The listening sap was about fifty meters from the Vledscan line. Evans looked at Captain Ricci. He could just see her under the flickering light of a star shell. Her face had been darkened with mud. She was gripping her pistol tightly in her right hand. Her left hand was in the haversack that held her camera. She was wearing a bit of a motley uniform. A regular helmet, with her Captain’s insignia. She had an Enlisted jacket with her Officer’s insignia hastily sewed on. A scarf and goggles around her neck She had a bandolier over her jacket, mostly with extra magazines, but in the bottom it had a loop that held a smaller folding camera that she had taught Evans to use. She wore high cavalry boots with leggings tucked in. And, oddly enough, she still wore the officer’s skirt. Evans whispered to her, “Ma’am, I’ve been wondering all the way down here, Why the skirt? You’re out of uniform everywhere else.”

“It started off as a way to mock the uniform, but at this point, it’s become expected of me. Plus, it’s like a good luck charm,” She shrugged, “And it probably confuses the hell out of the enemy.”
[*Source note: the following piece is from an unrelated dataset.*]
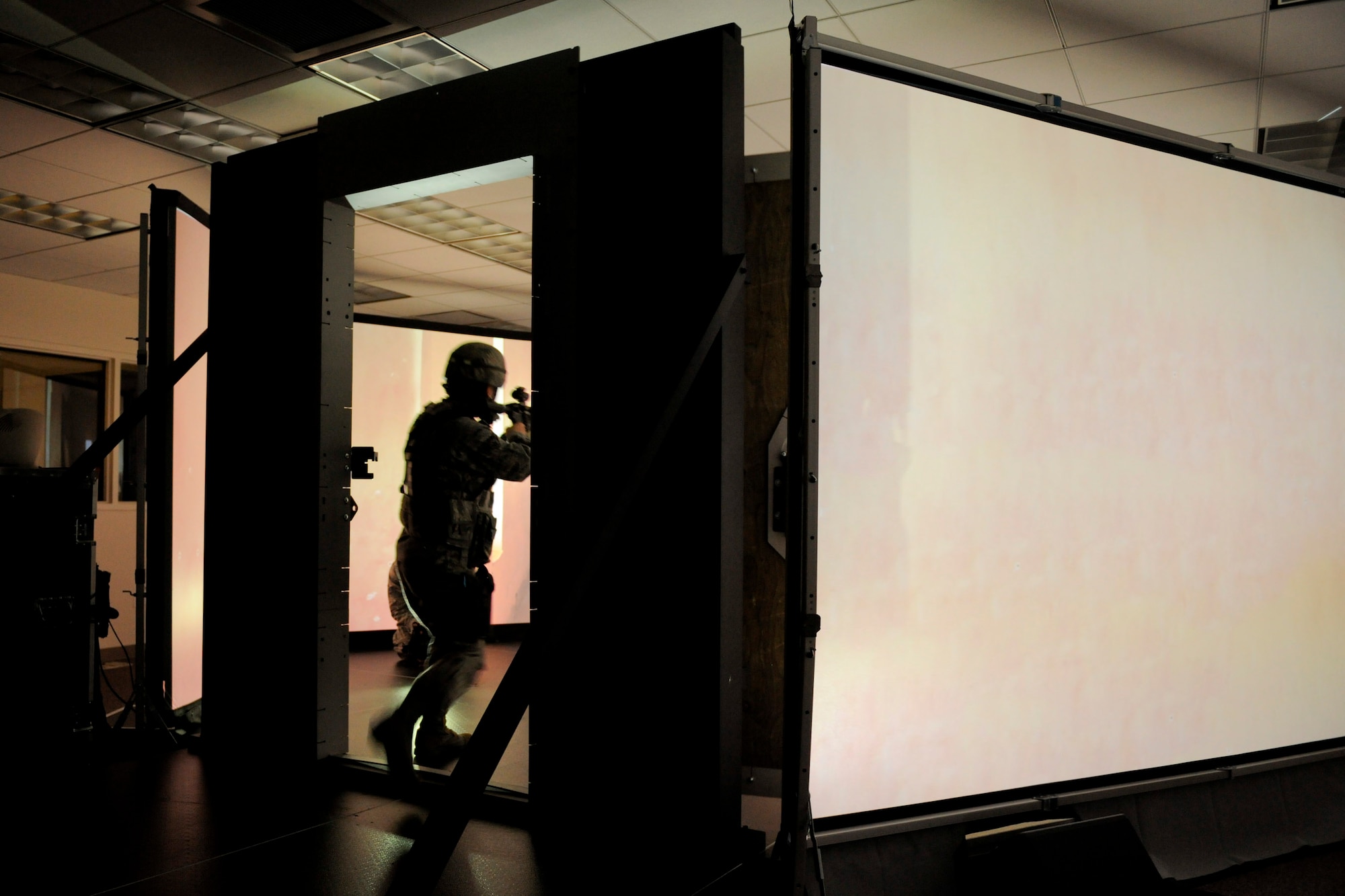 VANDENBERG AIR FORCE BASE, Calif. -- Members from the 30th Security Forces Squadron storm a virtually simulated room in a firearms training simulator at the Combat Arms Training Complex (Building 21308) here Friday, Jan. 27, 2012. The new simulator provides a virtual training environment for Vandenberg members to practice real-world combat tactics and scenarios based on Air Force qualification courses. (U.S. Air Force/Staff Sgt. Levi Riendeau)
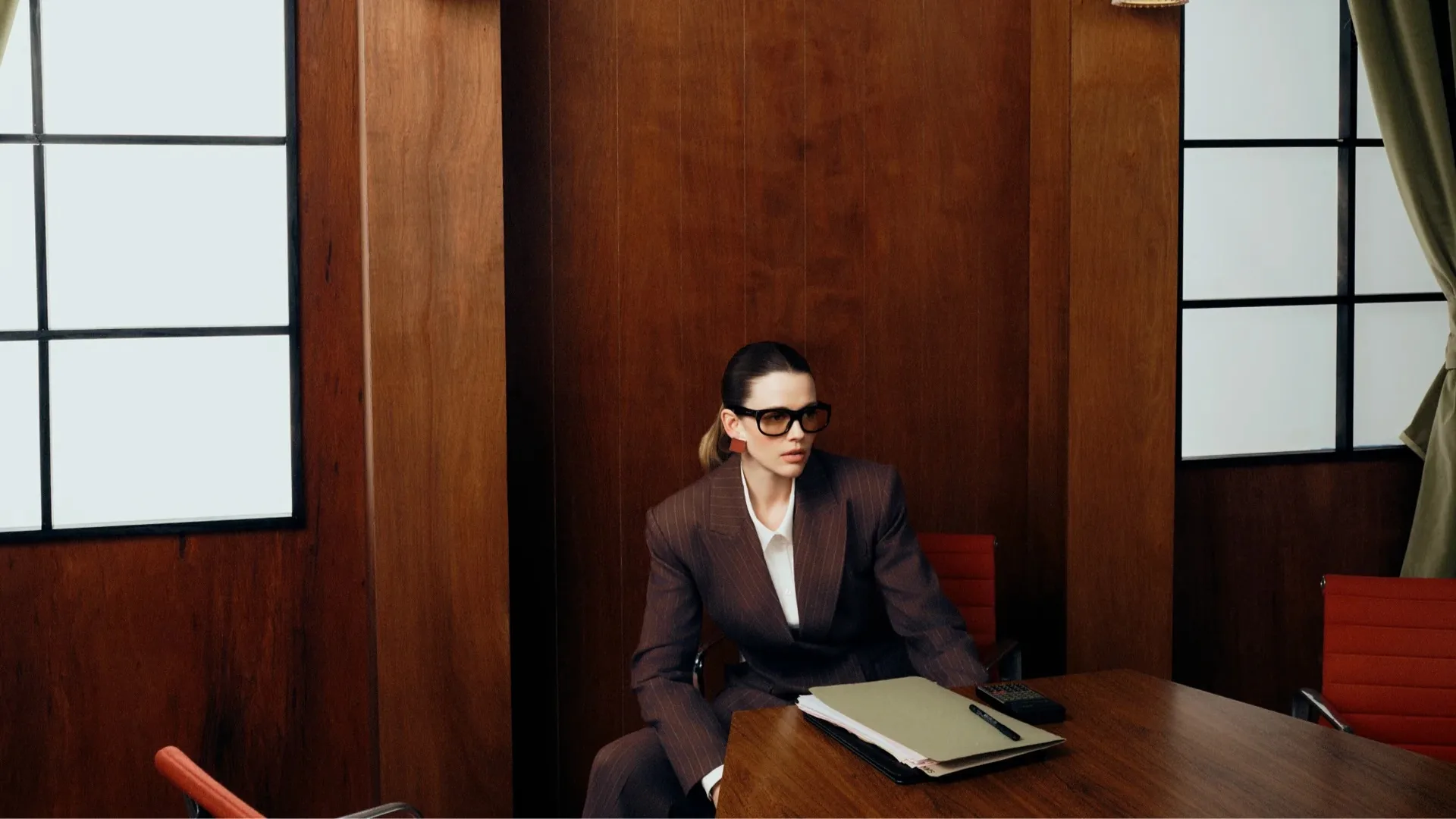 A model in a brown suit against a brown background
Evans shrugged. The two sat for a few minutes listening to distant gunfire. Captain Ricci glanced at her watch and took out her camera.

The thunder rolled.

He could hear the shriek of shells overhead followed by sudden bursts. Looking up, he saw… well… What he imagined Hellfire was. A burst of burning white acicular flames. Other shells burst on the ground spreading burning white smoke. He looked at Captain Ricci. She was poking her head over the crater with her larger camera. She slid the camera back into the haversack and whispered “Protection on.”

Reaching to his neck, he slid his goggles over his eyes. He wrapped the scarf around his face, covering any exposed skin. Then he pulled his gloves on and clipped them onto his jacket sleeves.


“Weapons ready.”

Auto Gun was ready with one in the chamber. He tapped the Pistol in the holster. Yep. He checked the quick release latch on his haversack filled with… grenades. Good. Shovel was well in place too. Fuck this was really happening.


The barrier barrage started up. It was forming a corridor of constant artillery fire around the section of trench ahead of the pair. About 100 meters to their right, about 100 meters to their left, and a 150 meters ahead. Not much margin of error.

If only he were allowed to smoke.

“NOW!” Captain Ricci shouted over the roar of shellfire.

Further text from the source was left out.